**Given data:**
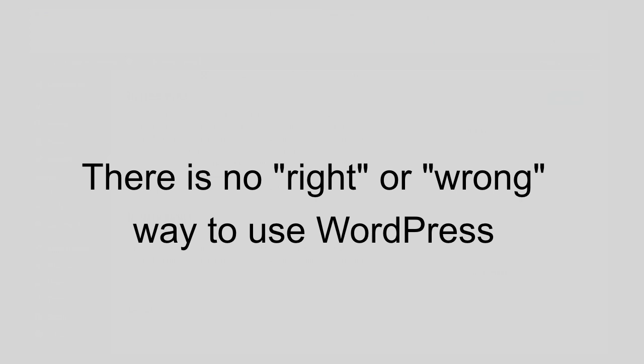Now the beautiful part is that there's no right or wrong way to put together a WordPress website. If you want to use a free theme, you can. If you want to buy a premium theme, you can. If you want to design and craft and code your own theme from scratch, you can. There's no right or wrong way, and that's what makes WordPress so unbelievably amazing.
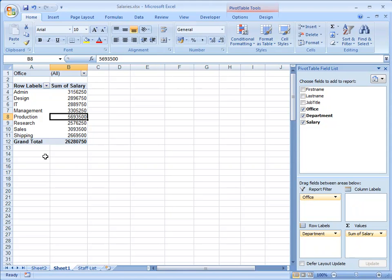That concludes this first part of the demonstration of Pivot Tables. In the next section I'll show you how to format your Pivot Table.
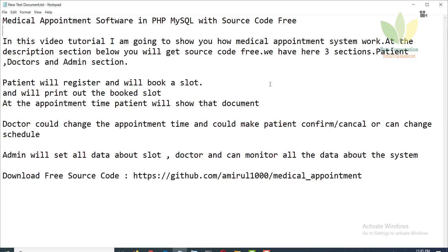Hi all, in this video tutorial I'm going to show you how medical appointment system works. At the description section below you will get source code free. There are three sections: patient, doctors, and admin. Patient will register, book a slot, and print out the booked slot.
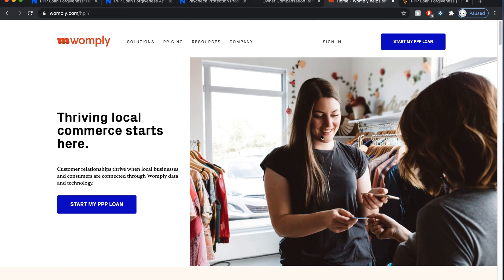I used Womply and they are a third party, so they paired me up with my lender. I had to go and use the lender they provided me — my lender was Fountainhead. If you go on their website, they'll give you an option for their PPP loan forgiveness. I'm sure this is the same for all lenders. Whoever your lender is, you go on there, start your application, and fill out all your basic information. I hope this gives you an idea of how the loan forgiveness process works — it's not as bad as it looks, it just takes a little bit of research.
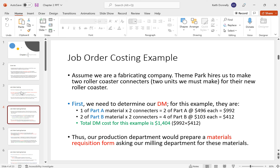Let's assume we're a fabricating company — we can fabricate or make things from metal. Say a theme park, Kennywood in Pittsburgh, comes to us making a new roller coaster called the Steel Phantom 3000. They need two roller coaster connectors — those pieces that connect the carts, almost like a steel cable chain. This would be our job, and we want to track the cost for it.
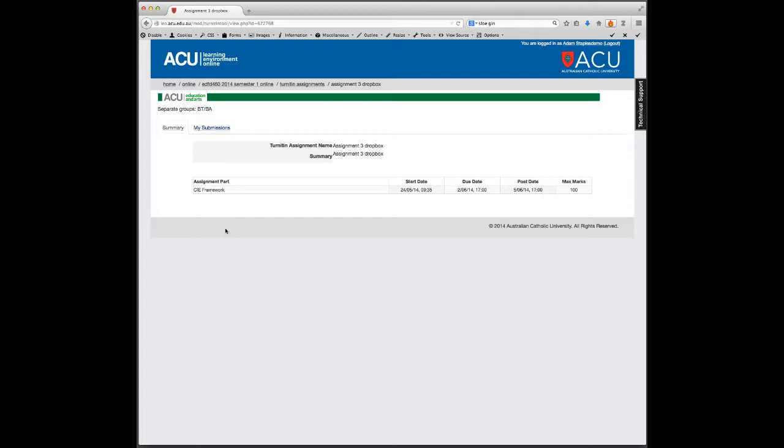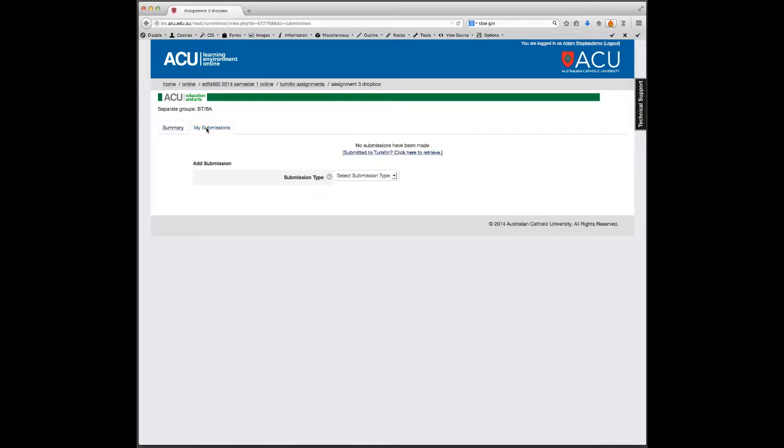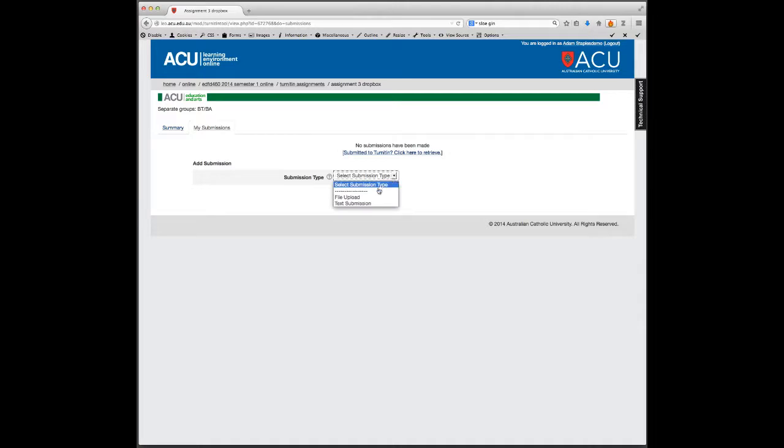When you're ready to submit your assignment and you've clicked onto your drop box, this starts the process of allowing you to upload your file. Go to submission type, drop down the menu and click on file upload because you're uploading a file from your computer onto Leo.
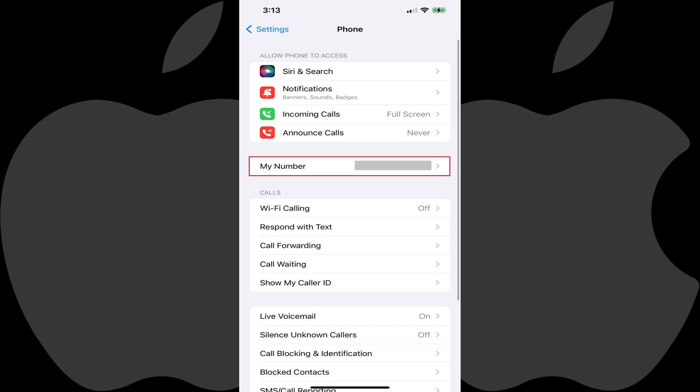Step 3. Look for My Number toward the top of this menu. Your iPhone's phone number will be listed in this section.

**What the task asks:** Without any picture, return exactly the lines of the records above from the first through the line that contains "Hi all, in this".

**Written response:**
Now the beautiful part is that there's no right or wrong way to put together a WordPress website. If you want to use a free theme, you can. If you want to buy a premium theme, you can. If you want to design and craft and code your own theme from scratch, you can. There's no right or wrong way, and that's what makes WordPress so unbelievably amazing.
That concludes this first part of the demonstration of Pivot Tables. In the next section I'll show you how to format your Pivot Table.
Hi all, in this video tutorial I'm going to show you how medical appointment system works. At the description section below you will get source code free. There are three sections: patient, doctors, and admin. Patient will register, book a slot, and print out the booked slot.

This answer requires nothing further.